After restarting, re-run `sudo cscli console status` to ensure the heartbeat is restored.

### Re-enroll the engine in the Console

- If the engine was removed or enrollment expired, obtain a fresh key from **Settings > Enrollment** in the Console and run:

```bash
sudo cscli console enroll <ENROLLMENT_KEY>
sudo systemctl restart crowdsec
```

- When replacing an existing enrollment, append `--overwrite` so the Console updates the existing record.
- Confirm the engine appears as **Healthy** in the Console after the restart.

### Restore connectivity to the Console

- Check that you can access crowdsec services and APIs listed in [network management](https://doc.crowdsec.net/docs/next/configuration/network_management/)
- If a proxy is required, configure it in `/etc/crowdsec/config.yaml` under `common.http_proxies` and reload the service.
- Renew TLS trust stores if the host cannot validate the Console certificate chain.
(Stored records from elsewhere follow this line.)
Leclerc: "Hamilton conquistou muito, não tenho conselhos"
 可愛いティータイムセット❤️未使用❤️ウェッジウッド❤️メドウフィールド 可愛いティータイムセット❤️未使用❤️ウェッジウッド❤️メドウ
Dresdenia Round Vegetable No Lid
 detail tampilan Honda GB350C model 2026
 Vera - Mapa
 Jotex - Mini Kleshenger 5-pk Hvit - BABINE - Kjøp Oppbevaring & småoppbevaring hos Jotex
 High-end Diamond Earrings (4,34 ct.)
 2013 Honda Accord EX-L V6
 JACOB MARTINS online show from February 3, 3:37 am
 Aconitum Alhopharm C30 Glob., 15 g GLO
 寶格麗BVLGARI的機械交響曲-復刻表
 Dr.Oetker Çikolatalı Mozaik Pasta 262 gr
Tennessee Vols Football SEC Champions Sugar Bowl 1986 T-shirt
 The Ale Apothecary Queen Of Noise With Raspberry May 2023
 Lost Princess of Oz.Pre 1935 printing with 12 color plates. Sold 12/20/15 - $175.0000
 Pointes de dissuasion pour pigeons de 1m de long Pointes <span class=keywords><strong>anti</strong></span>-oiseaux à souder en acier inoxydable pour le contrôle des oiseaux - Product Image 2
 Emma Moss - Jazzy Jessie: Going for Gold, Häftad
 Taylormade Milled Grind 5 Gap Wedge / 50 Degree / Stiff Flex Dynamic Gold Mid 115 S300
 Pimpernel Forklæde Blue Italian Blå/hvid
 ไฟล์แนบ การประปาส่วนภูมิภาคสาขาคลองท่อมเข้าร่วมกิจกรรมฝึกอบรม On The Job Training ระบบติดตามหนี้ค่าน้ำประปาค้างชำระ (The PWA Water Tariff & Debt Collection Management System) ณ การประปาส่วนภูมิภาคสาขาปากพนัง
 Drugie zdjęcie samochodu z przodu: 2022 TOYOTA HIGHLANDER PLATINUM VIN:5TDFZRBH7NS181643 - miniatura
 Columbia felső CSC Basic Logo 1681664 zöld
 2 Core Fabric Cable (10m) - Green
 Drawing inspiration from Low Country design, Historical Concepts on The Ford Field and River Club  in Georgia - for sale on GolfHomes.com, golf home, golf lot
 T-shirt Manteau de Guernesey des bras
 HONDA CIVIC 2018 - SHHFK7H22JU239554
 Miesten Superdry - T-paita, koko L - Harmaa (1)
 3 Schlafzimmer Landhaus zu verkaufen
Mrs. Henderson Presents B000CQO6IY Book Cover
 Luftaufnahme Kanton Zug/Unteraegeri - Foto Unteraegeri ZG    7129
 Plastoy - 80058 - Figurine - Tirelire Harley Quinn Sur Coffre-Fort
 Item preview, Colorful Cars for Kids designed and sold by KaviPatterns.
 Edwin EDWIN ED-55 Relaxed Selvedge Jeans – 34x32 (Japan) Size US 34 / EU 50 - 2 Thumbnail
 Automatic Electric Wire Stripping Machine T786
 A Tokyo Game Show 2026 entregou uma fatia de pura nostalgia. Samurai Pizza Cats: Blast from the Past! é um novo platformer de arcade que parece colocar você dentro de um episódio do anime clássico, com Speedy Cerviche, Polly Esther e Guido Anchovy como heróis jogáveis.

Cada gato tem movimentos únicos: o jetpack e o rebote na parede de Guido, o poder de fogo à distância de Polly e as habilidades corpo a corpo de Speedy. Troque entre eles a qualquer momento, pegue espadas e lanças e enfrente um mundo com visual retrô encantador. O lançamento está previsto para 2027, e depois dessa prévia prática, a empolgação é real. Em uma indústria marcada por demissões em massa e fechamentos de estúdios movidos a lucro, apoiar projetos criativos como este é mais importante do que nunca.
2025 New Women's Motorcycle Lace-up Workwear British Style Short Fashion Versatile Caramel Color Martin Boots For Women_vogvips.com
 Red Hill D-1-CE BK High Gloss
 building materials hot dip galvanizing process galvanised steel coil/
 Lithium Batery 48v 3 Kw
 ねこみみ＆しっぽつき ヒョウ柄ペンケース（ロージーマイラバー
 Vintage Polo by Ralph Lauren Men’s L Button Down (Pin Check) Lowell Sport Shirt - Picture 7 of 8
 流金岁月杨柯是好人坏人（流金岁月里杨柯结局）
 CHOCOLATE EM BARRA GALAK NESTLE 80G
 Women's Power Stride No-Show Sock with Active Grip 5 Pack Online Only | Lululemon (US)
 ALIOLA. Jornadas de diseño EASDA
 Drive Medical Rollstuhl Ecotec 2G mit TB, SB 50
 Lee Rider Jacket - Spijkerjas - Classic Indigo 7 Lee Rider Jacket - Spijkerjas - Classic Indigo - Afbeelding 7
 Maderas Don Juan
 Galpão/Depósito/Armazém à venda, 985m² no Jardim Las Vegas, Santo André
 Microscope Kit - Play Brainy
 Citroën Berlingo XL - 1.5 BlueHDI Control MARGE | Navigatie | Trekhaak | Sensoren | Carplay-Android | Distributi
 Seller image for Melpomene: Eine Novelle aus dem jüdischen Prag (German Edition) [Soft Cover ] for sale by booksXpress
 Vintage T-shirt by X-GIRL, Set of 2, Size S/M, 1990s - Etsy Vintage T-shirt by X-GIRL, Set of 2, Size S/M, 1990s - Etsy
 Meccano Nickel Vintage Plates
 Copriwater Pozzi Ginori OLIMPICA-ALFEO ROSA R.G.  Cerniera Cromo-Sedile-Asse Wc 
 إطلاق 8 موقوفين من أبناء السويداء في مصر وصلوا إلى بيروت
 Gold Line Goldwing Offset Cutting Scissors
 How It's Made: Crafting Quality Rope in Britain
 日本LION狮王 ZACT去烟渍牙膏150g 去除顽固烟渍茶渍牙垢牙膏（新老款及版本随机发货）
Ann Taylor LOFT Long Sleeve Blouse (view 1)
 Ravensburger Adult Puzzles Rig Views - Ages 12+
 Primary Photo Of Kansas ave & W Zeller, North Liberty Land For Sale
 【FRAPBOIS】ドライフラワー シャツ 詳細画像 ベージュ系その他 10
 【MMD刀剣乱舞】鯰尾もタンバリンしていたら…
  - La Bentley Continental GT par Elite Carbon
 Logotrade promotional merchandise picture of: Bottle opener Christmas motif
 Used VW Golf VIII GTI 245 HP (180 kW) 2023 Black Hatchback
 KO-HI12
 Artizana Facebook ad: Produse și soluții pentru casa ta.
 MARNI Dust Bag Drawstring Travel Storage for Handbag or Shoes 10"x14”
### Stabilise the Local API

- Restart the Local API component (same `crowdsec` service or the dedicated LAPI pod) and confirm it responds to local commands:

- Investigate persistent database or authentication errors using `sudo cscli support dump`, then consult the [Security Engine troubleshooting guide](/u/troubleshooting/security_engine) if issues remain.

Once the engine resumes contact, the Console clears the **Security Engine Offline** alert during the next poll. Consider enabling the **Security Engine Offline** notification in your preferred integration so future outages are caught quickly.